▶ [YOUR OBJECTIVE]: Everything from the line containing "View of golf course pro shop" through the last line of the listing below should be returned exactly, except for pictures.

:::

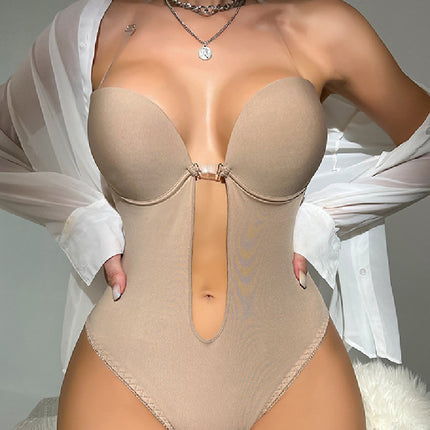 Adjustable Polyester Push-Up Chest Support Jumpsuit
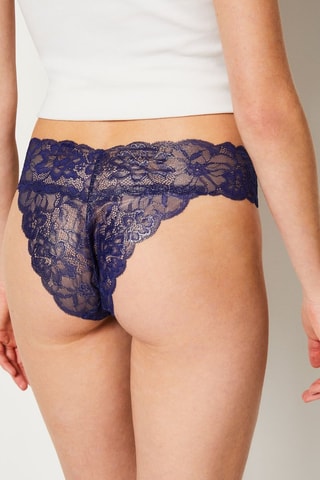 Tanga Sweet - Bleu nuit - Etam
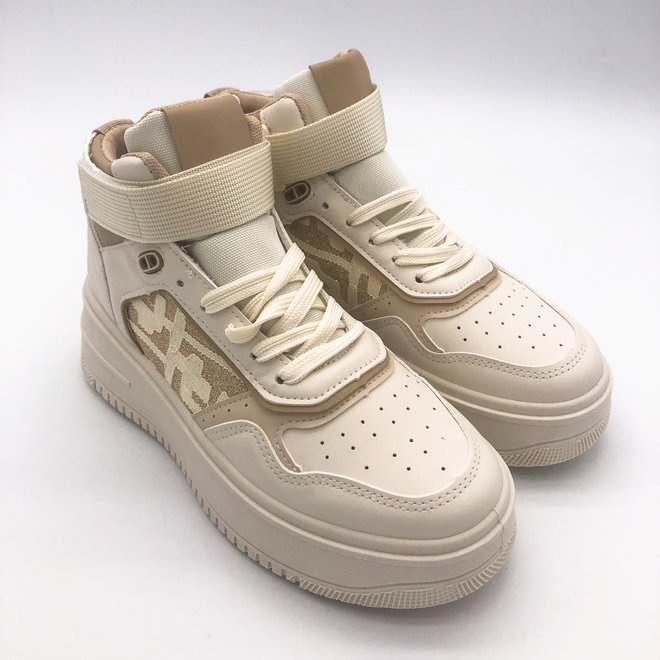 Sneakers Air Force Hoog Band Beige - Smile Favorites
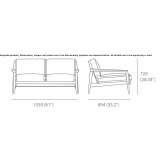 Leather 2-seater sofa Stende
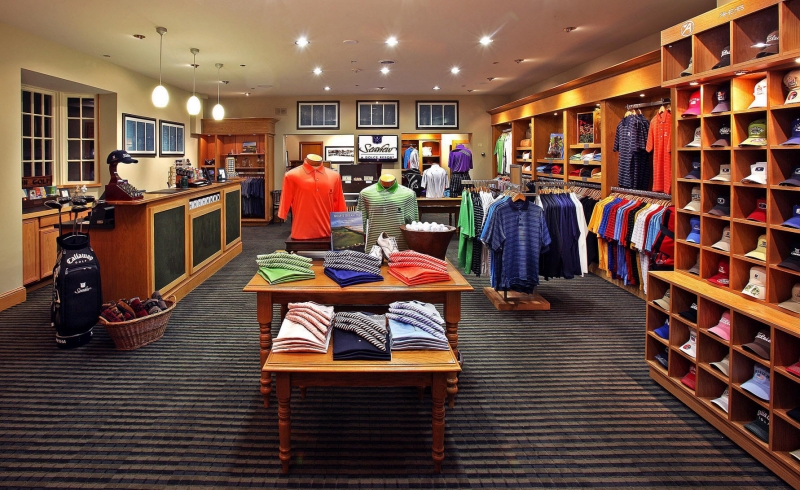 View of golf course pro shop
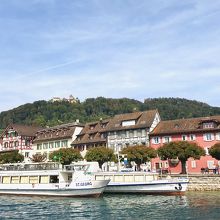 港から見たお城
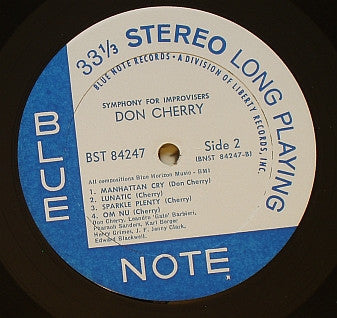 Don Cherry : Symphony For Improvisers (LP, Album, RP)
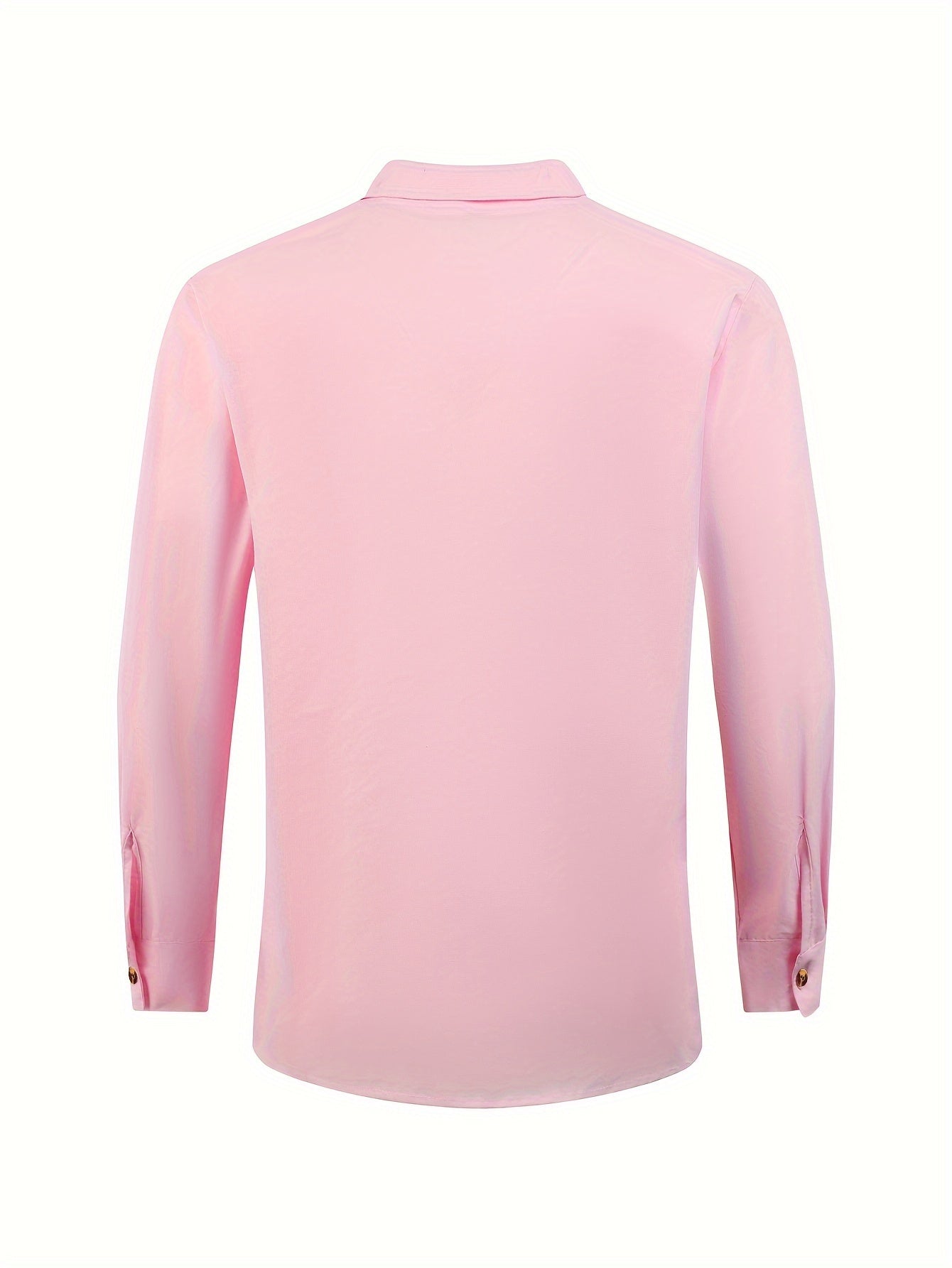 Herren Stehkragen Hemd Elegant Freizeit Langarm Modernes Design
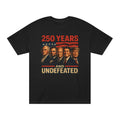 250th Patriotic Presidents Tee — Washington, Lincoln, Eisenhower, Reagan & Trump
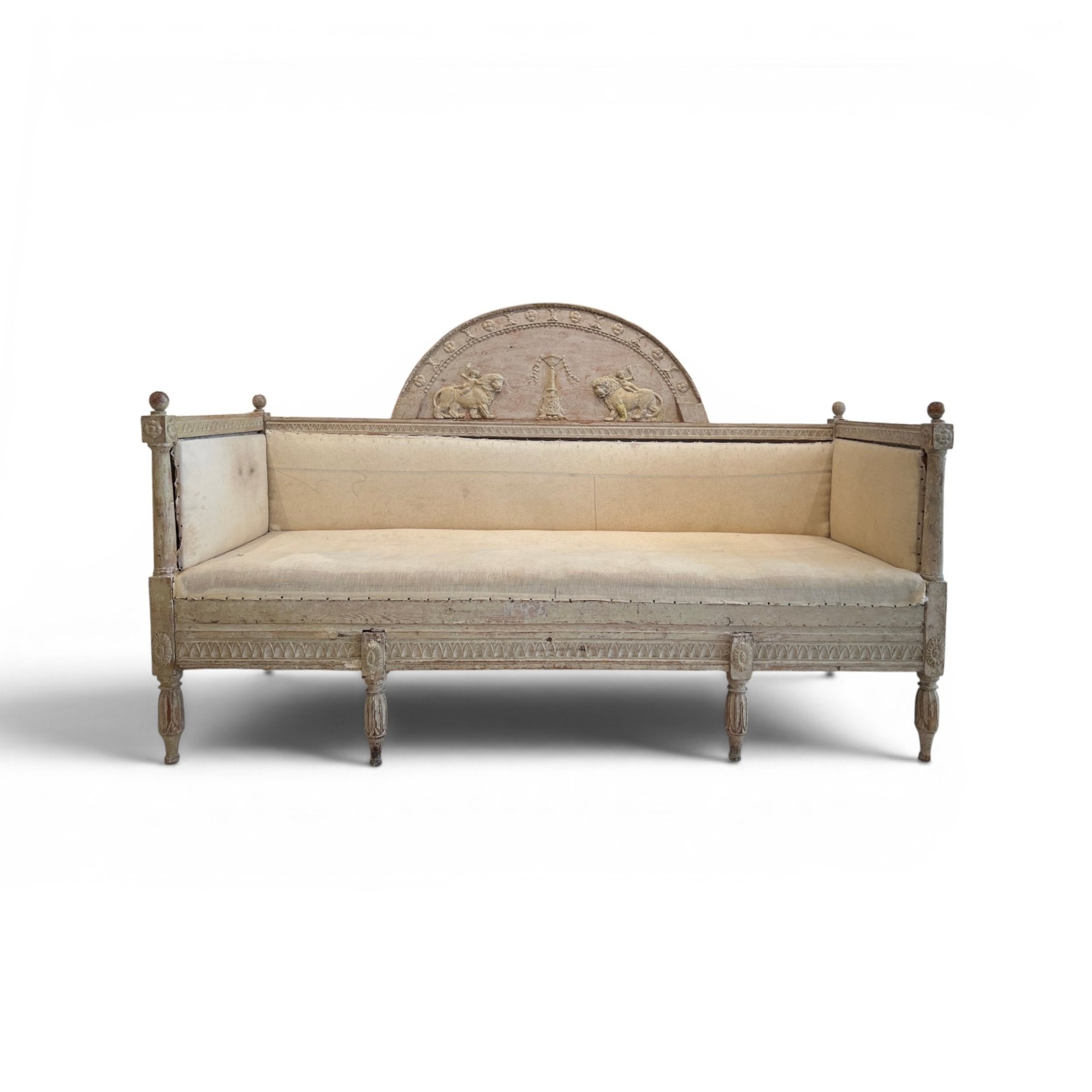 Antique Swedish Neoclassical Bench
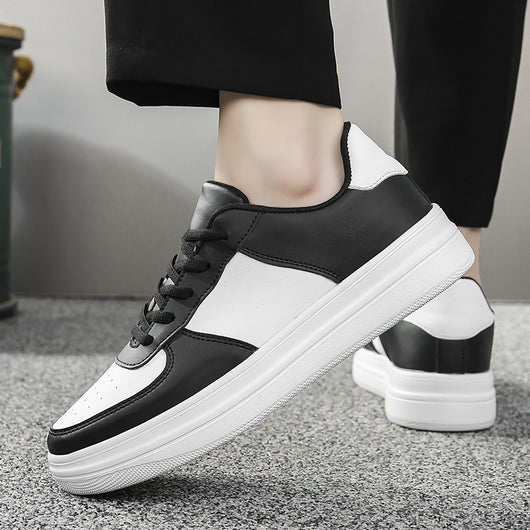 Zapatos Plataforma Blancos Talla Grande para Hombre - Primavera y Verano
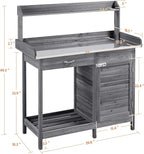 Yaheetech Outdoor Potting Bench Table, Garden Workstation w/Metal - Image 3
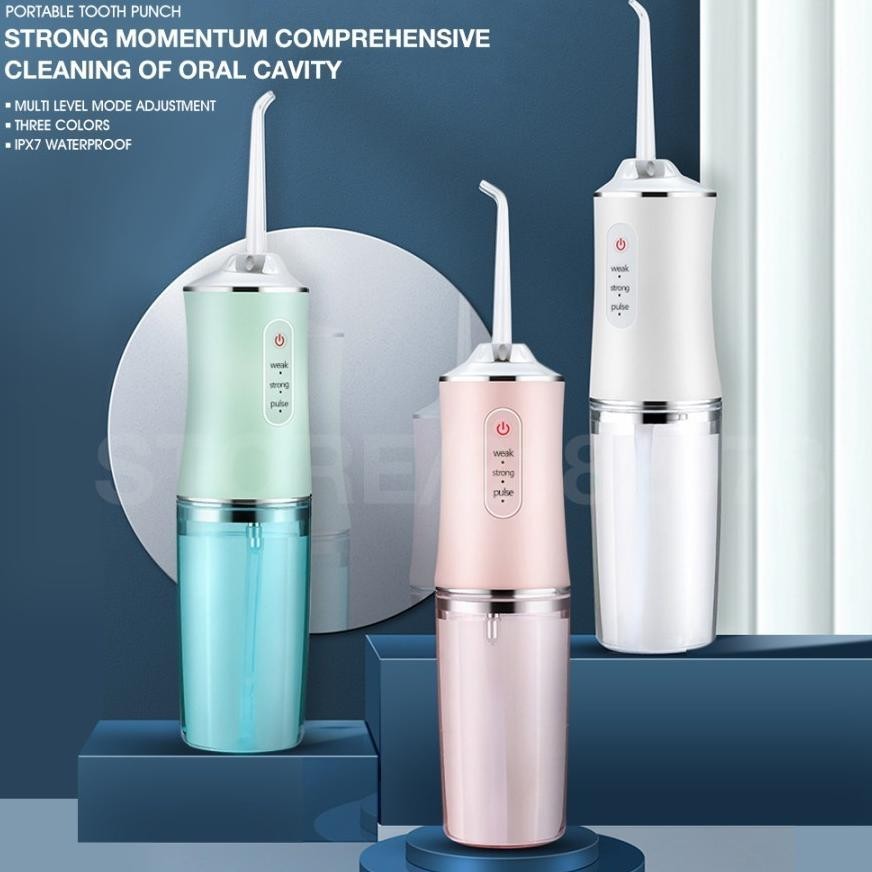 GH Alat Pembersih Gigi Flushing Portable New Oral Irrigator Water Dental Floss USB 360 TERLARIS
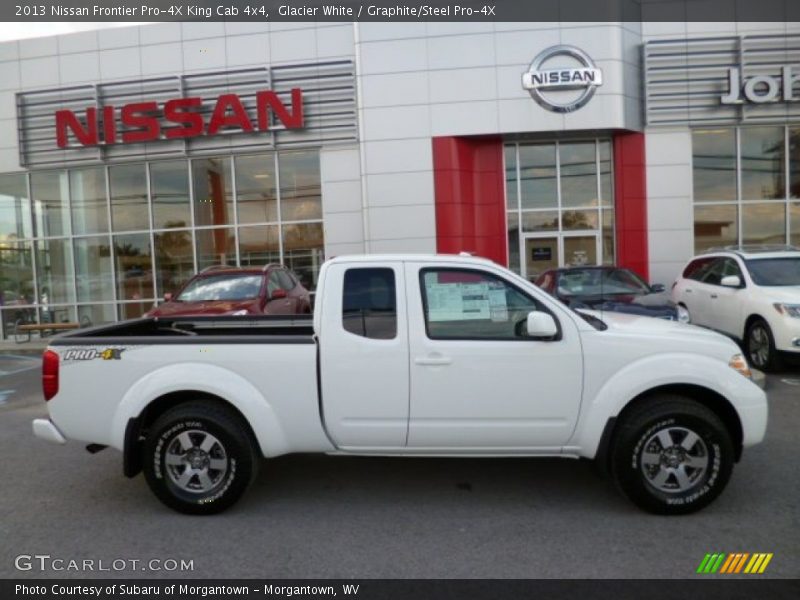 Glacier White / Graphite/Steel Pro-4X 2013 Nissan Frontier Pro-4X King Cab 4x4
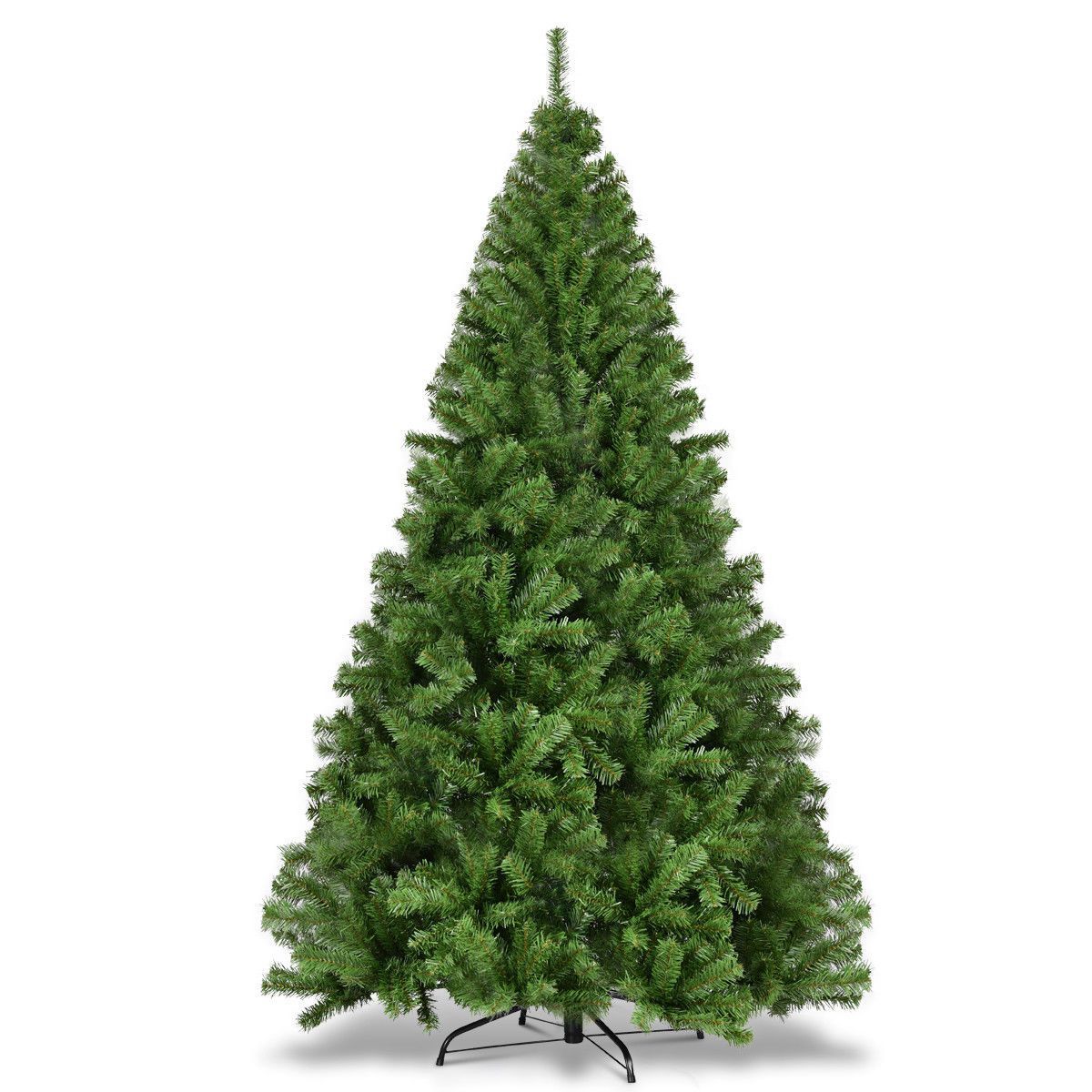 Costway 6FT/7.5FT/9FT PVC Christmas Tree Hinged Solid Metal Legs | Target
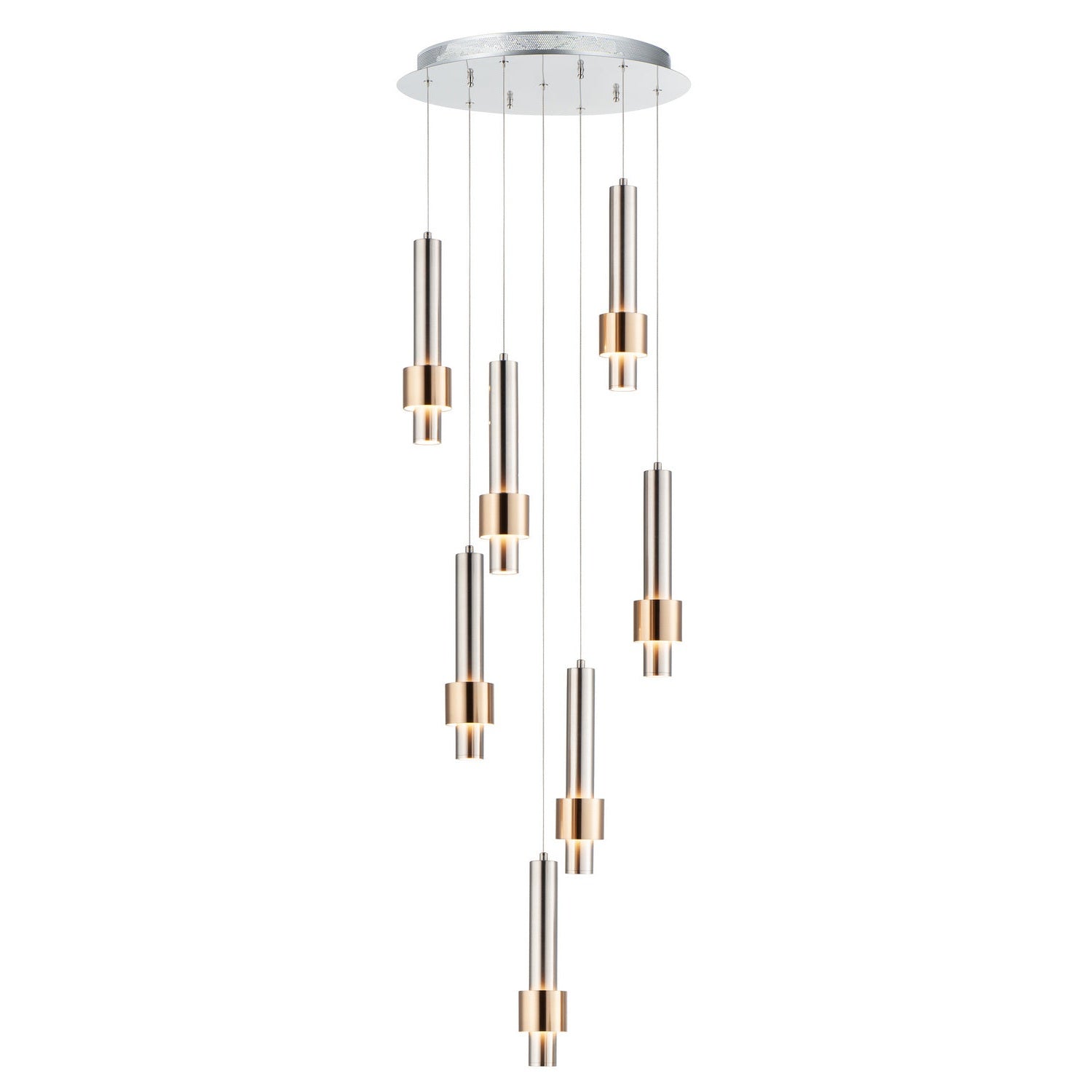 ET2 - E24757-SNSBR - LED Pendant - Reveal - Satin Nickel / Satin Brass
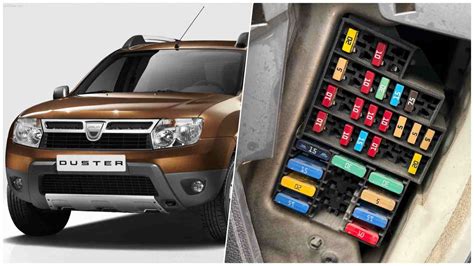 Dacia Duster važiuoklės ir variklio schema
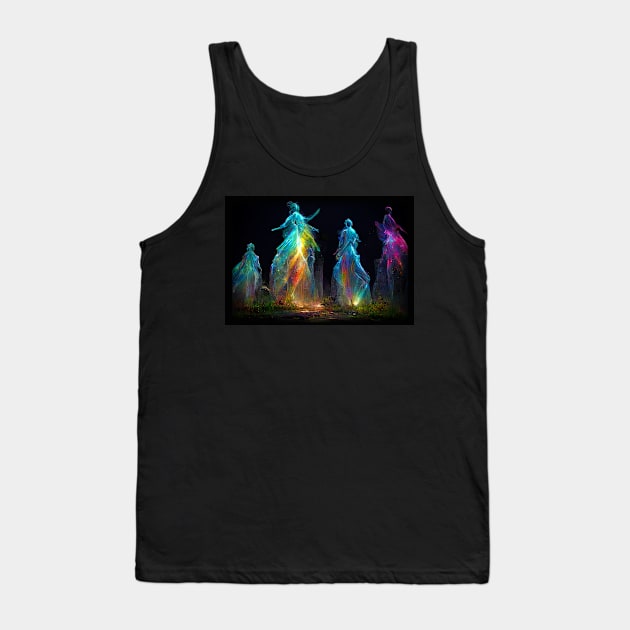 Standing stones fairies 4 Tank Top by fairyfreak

:::

▶ [WRITTEN SOLUTION]:
 View of golf course pro shop
 港から見たお城
 Don Cherry : Symphony For Improvisers (LP, Album, RP)
 Herren Stehkragen Hemd Elegant Freizeit Langarm Modernes Design
 250th Patriotic Presidents Tee — Washington, Lincoln, Eisenhower, Reagan & Trump
 Antique Swedish Neoclassical Bench
 Zapatos Plataforma Blancos Talla Grande para Hombre - Primavera y Verano
 Yaheetech Outdoor Potting Bench Table, Garden Workstation w/Metal - Image 3
 GH Alat Pembersih Gigi Flushing Portable New Oral Irrigator Water Dental Floss USB 360 TERLARIS
 Glacier White / Graphite/Steel Pro-4X 2013 Nissan Frontier Pro-4X King Cab 4x4
 Costway 6FT/7.5FT/9FT PVC Christmas Tree Hinged Solid Metal Legs | Target
 ET2 - E24757-SNSBR - LED Pendant - Reveal - Satin Nickel / Satin Brass
 Dacia Duster važiuoklės ir variklio schema
 Standing stones fairies 4 Tank Top by fairyfreak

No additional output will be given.